Wie bereits gesagt, ist der "Bürgersaal für alle" neben dem traditionellen Ortskern am Maibaum der Schlüssel für einen neuen, belebten Ortskern am Wirthsfeld. Die Integration in den Schulneubau schafft die Brücke zwischen Schulgeneration, jungen Familien und Seniorengeneration. Kunst ist ein wichtiger Teil der Bildung und Kultur der Menschen. Sie erlaubt, über den "Tellerrand" hinauszusehen. Der Bürgersaal -gleichzeitig Pausenhalle- soll als Aula, Versammlungsstätte mit dazu erforderlichen Nebennutzflächen und Bühne konzipiert werden. Der Bürgesaal ist und bleibt Teil der Schulidee und richtungsweisend für Baierbrunns Zukunftsfähigkeit.

5. Außer dem Aldi gibt es in Baierbrunn nur noch wenig Geschäfte. Wie könnte man den Einzelhandel in Schwung bringen?

Handwerk willkommen, sage ich in unserer Broschüre zur Wahl. Auch der Einzelhandel zählt natürlich dazu. Ein attraktiver Gewerbesteuerhebesatz ist dafür die Grundlage, daß sich kleine Unternehmen und auch ein "Tante Emma Laden" wie der frühere "Kramer Stahuber" wieder ansiedeln können. Die Menschen wollen das hier und man hat als Gemeinde die Pflicht, die Grundlagen dafür zu schaffen. Auch das ist "Ökologie und Förderung junger Familien": sie nicht zu zwingen, wegen jeder Kleinigkeit das Auto inanspruch nehmen zu müssen.

6. Wie sieht Ihr Baierbrunn im Jahr 2030 aus? Was soll bis dahin geschafft sein?
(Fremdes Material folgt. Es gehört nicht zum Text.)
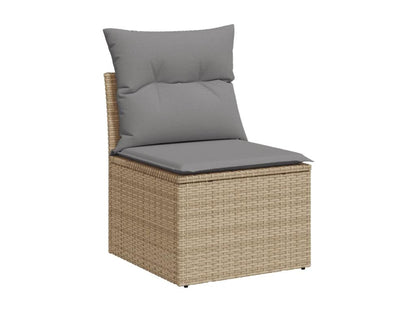 Salon de jardin avec coussins 7 pcs beige résine tressée EILC63150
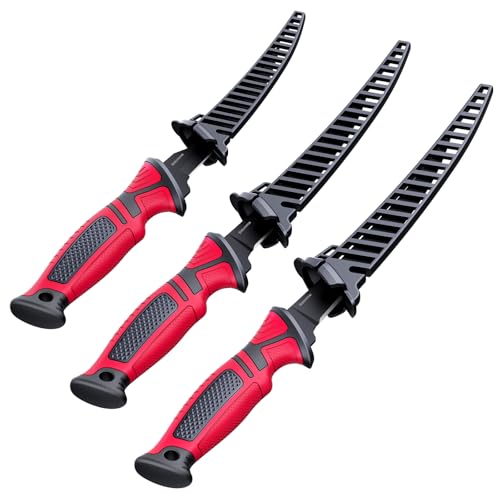 Fillet Knife and Bait Knife Set Performance 5" (Black-Red)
Eine weit gefasste Frage und sie auf weniges herunterzureduzieren wird der Antwort nicht gerecht. Dennoch versuche ich es im Telegrammstil: Grundidee Wohnen: Mischung der Wohnformen - Ressourcen und Flächen sinnvoll nutzen, Reihenhäuser und Mehrfamilienhäuser für Ortsansässige, Familien und Senioren, Kleine überschaubare Wohnquartiere durch Gliederung der Wohngebiete, Wohnen im Grünen im nahen Isartal, Nachbarschaftsplätze als Begegnungsorte für alle, Angebot autofreier Bereiche, Wohnen im zentralen Bereich mit Bildung und Betreuung nebenan, Wohnraum für alle Generationen und Einkommensgruppen. Raum für Bildung und Betreuung: Grundschule mit Bürgersaal, Zweifachturnhalle mit Kunstrasenplatz am Sportpark, Haus für Kinder, Jugendzentrum, Kitas. Grundidee Grünflächen: Viel Grün als Ausgleich zur Bebauung und Gewerbeansiedlung, Grün, das verbindet mit Fuß- und Radwegenetz, intensive Spiel- und Freizeitflächen. Grundidee Verkehr: Erschließung der neuen Wohngebiete von außen und nicht über bestehende Wohngebiete, Verkehrsberuhigte Zonen schaffen. Summa summarum: Erhalt der hohen Lebensqualität für die ansässige Bevölkerung.